- **YOUR ASSIGNMENT**: Copy exactly every line below, from the first through the one that contains "The first word", and skip all pictures.

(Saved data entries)
....

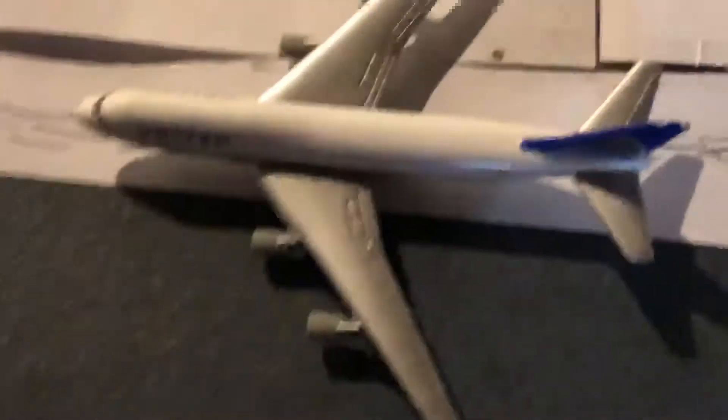We have a United 747-8 in the new Continental Colors. This is about to head out to Newark as well, along with the FedEx.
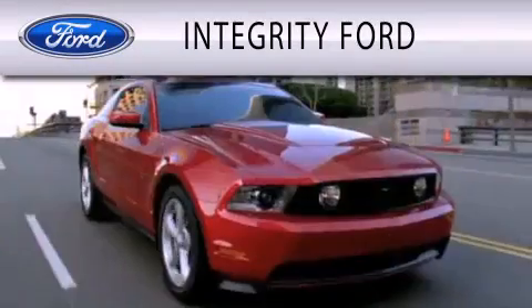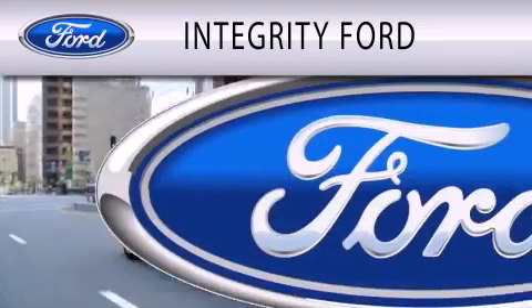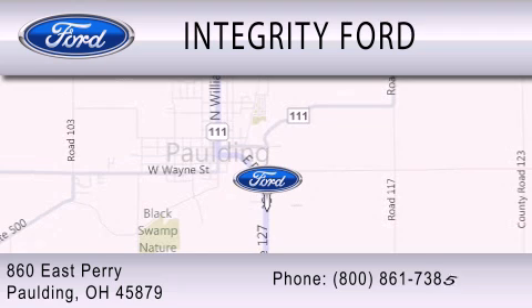Integrity Ford is dedicated to doing everything possible to ensure that the experience you have selecting your vehicle is as pleasant as possible. We are located at 860 East Perry in Paulding.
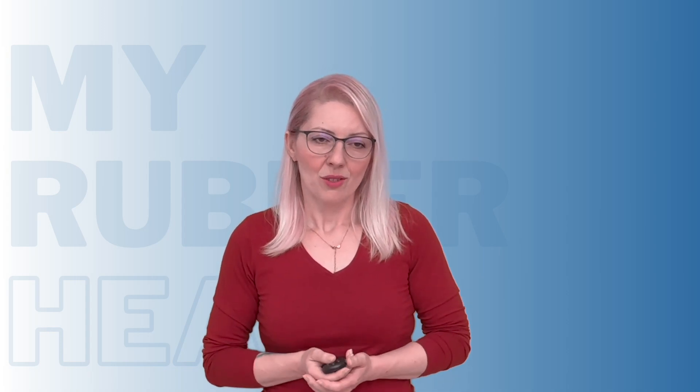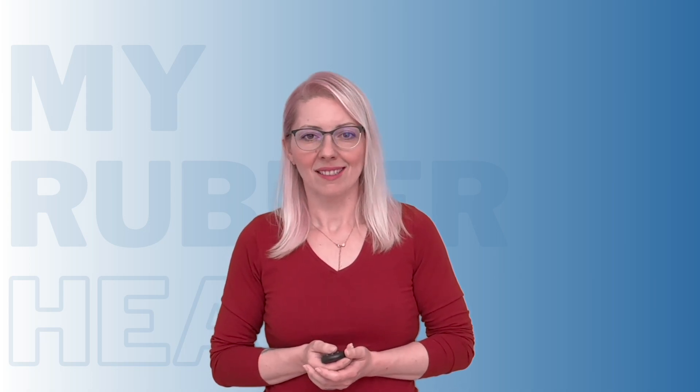Don't forget to share, like, and subscribe, and I will see you on the next episode for another rubber adventure!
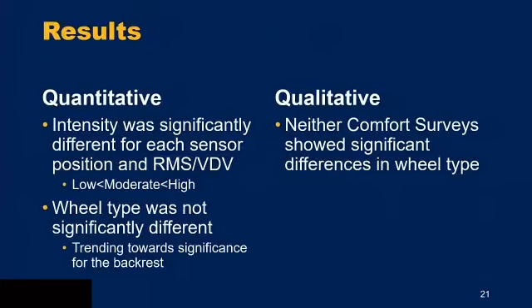In summary of results: intensity was significantly different for each sensor position in both RMS and VDV — the post-hoc showed low was lowest, moderate in the middle, and high had the highest values. Wheel type was not significantly different; however, it was trending toward significance for the backrest sensor position in both RMS and VDV. Neither comfort survey showed a significant difference in wheel types.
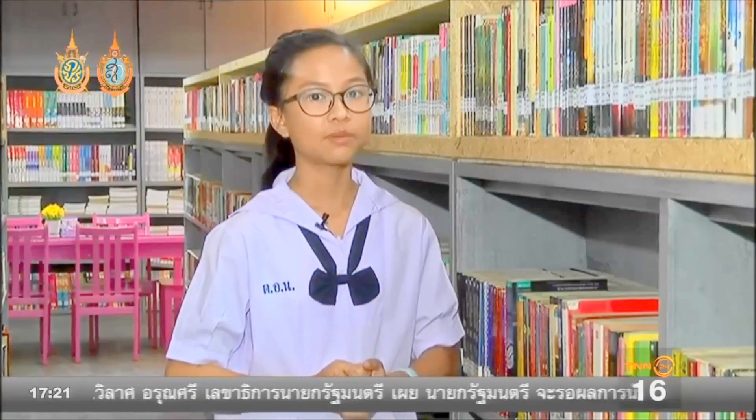The first word is bookshelf. Bookshelf is like this, on top, over here.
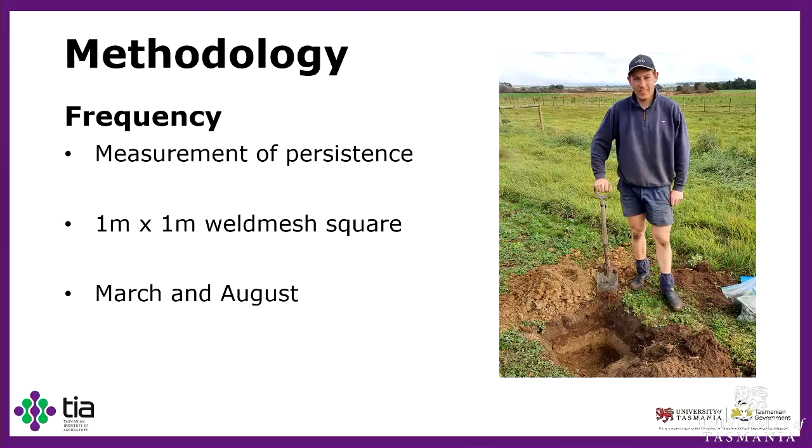First, we looked at the frequency of occurrence of each species to give us a basic measurement of persistence. However, it's not a true measure of persistence because we didn't have the frequency count at establishment — only three years post-sowing. To do this, we used a one by one meter weld mesh square split into one hundred smaller squares. We marked each square if it contained a species of interest, giving us a score out of one hundred. We took two measurements, one in March and one in August, though most data analysis uses the March measurement as it was more representative of the plant population following the summer dry period.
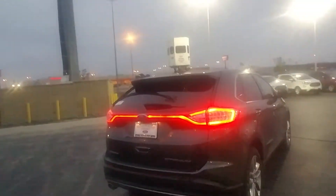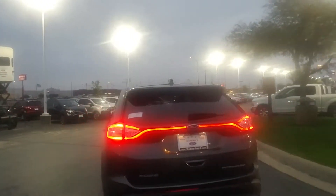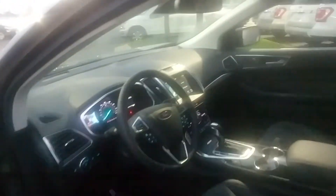It has lane keeping assist — a little bit if you start to drift away — and it has the adaptive cruise and collision warning as well. Here's the interior: memory seats, automatic lights, power liftgate, power telescoping wheel. Some of these features might be pretty familiar to you since you had one that you rented.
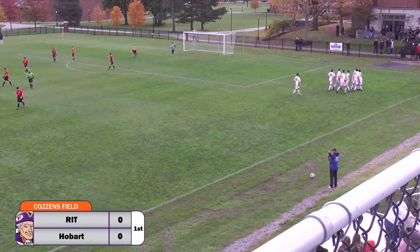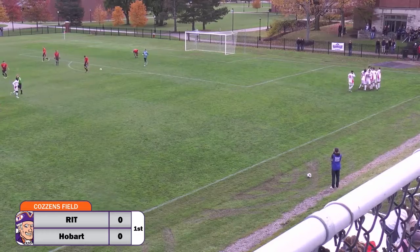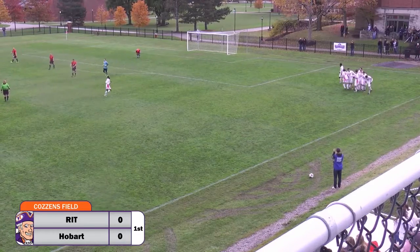And right there, that was great passing by Hobart to set that up and to get the ball inside. And what a perfect shot for the goal. And Carey on the right side.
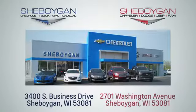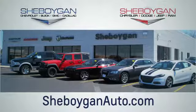Choose Sheboygan Auto. We're conveniently located at 3400 South Business Drive or at 2701 Washington Avenue in Sheboygan, Wisconsin. Sheboyganautos.com.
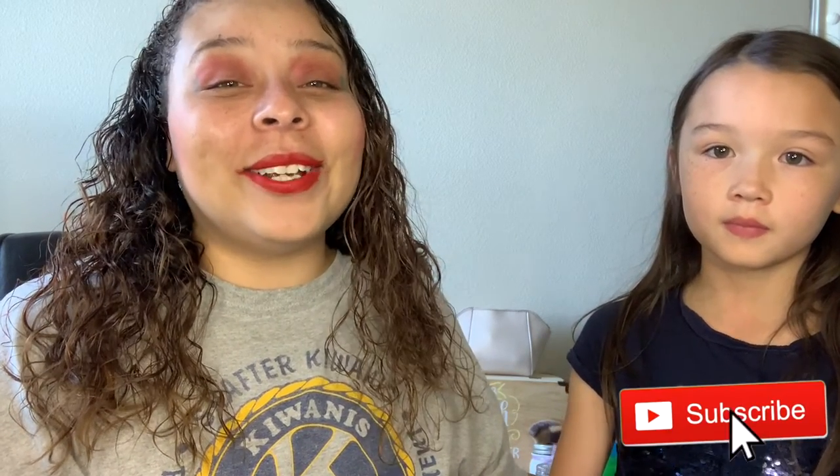Okay guys, this is the look that Scarlett created. I for one think it's very beautiful and I think she did an awesome job. I love you guys, but always remember that Jesus loves you more. And we will see you guys in another video very soon.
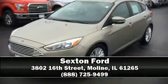Our team is professional and we offer a no-pressure environment. We are here to help you.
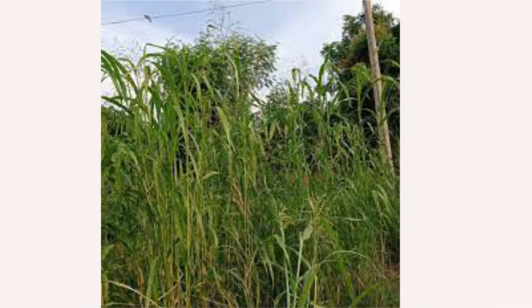Regarding hybrid napier grass selection and nutritional quality, variety selection is a key factor critical for achieving high yield per unit area under a variety of soil and agroclimatic conditions. The napier variety P-BN233 yielded more green fodder and dry matter.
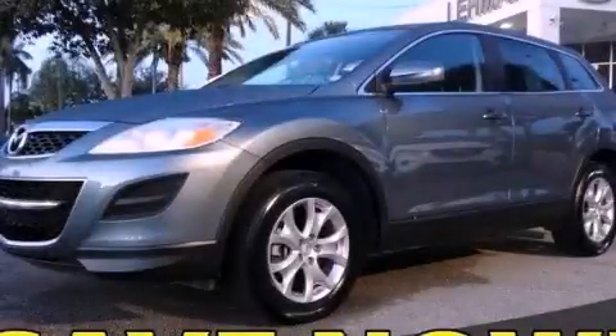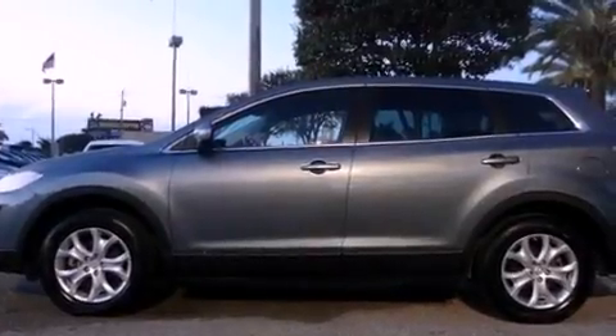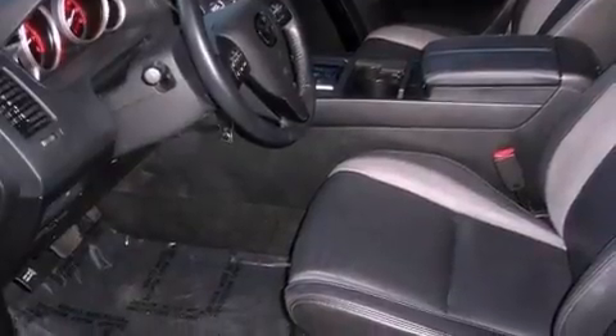This is a certified pre-owned 2012 Mazda CX-9. Plenty of space for what you need. It features a 3.7-liter six-cylinder engine and a six-speed automatic transmission.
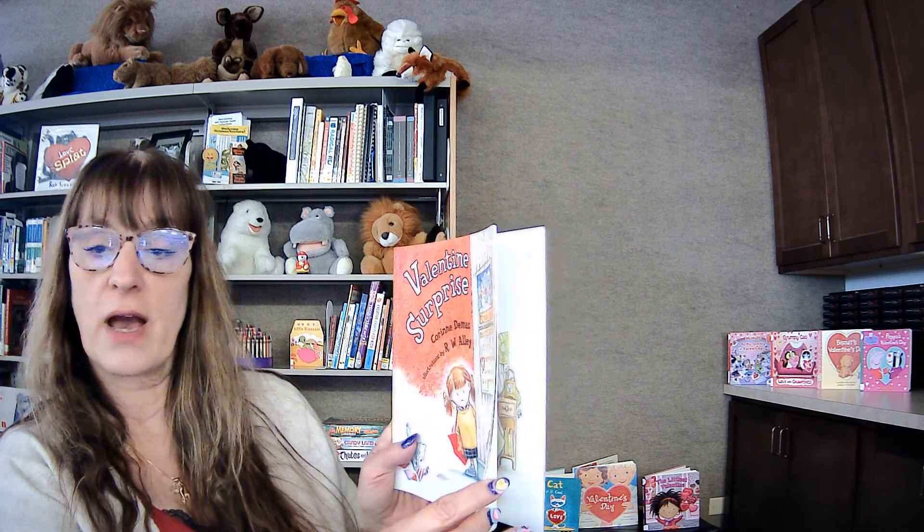My first book is called Valentine's Surprise by Corinne DeMoss, illustrated by R. W. Alley. Valentine's Surprise.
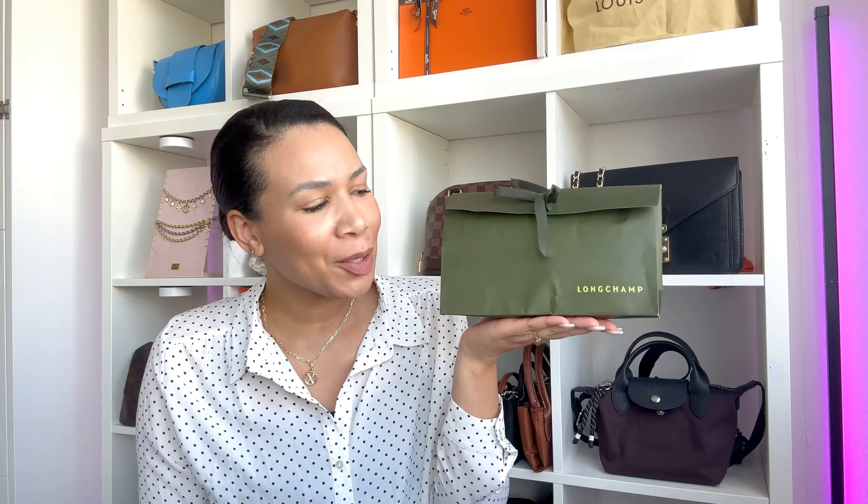Hey all, Sandy here, hope you're doing fine. I have done it again — and if you've seen my previous videos, you can already guess what this is. As soon as this color was available, I had to order it immediately.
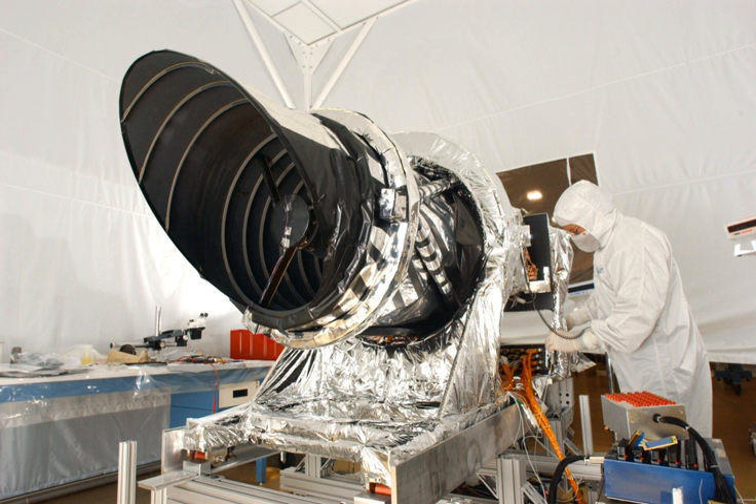Some significant images taken by HiRISE hint at possible sources of water for future colonists. A program called HiView can be used to produce more detailed views of the images. Some pictures are in color; HiRISE takes a color strip down the middle only.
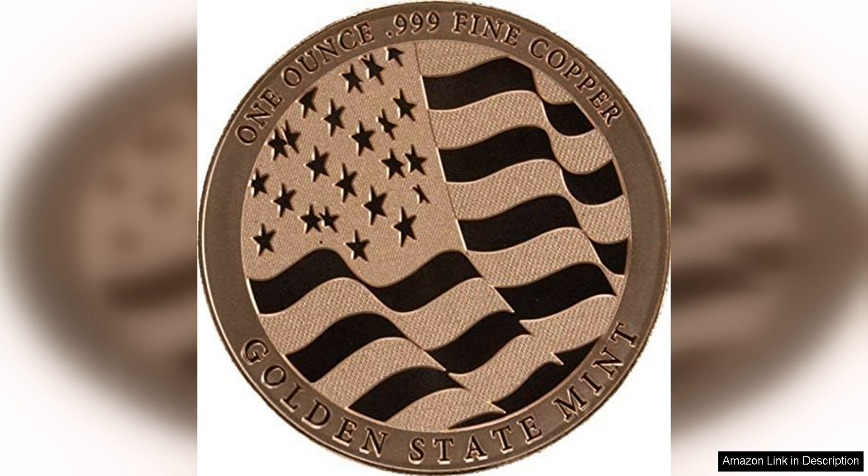Whether you are a seasoned collector or just starting out, this coin is a must-have for any collection. Overall, the 1 oz .999 Pure Copper Round Challenge coin with the Eagle Strength Freedom Pride design is a beautiful and highly collectible piece that is sure to be a standout in any collection. Its high-quality craftsmanship, stunning design, and meaningful symbolism make it a valuable addition to any collection.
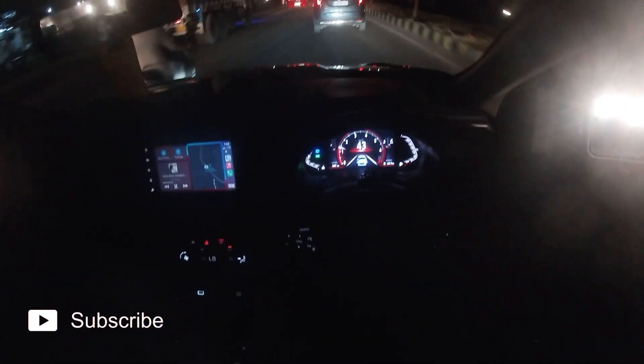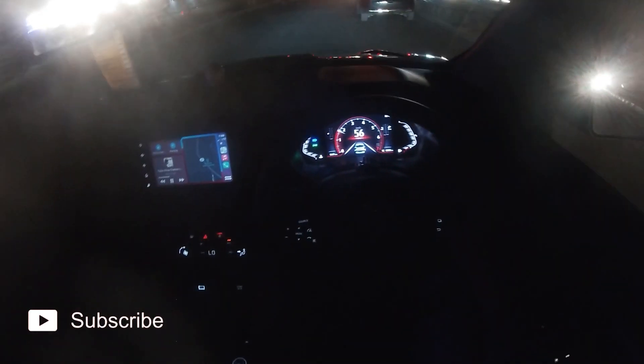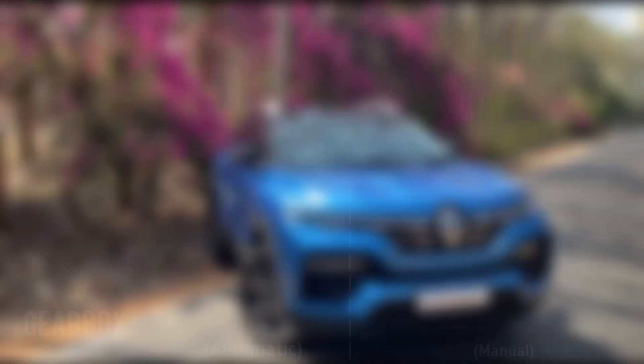So what I'm gonna do is a 0 to 100 acceleration of both cars and a top speed test. I'm not gonna say it's a complete top speed test because I couldn't find a road with a complete stretch where I can flow down the car. Talking about the naturally aspirated petrol engine, it is a 1.0 dual gravity, so it produces around 72 bhp and 92 Nm of torque, and it is mated with a 5-speed AMT gearbox.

....

- **WRITTEN SOLUTION**:
We have a United 747-8 in the new Continental Colors. This is about to head out to Newark as well, along with the FedEx.
Integrity Ford is dedicated to doing everything possible to ensure that the experience you have selecting your vehicle is as pleasant as possible. We are located at 860 East Perry in Paulding.
Don't forget to share, like, and subscribe, and I will see you on the next episode for another rubber adventure!
In summary of results: intensity was significantly different for each sensor position in both RMS and VDV — the post-hoc showed low was lowest, moderate in the middle, and high had the highest values. Wheel type was not significantly different; however, it was trending toward significance for the backrest sensor position in both RMS and VDV. Neither comfort survey showed a significant difference in wheel types.
The first word is bookshelf. Bookshelf is like this, on top, over here.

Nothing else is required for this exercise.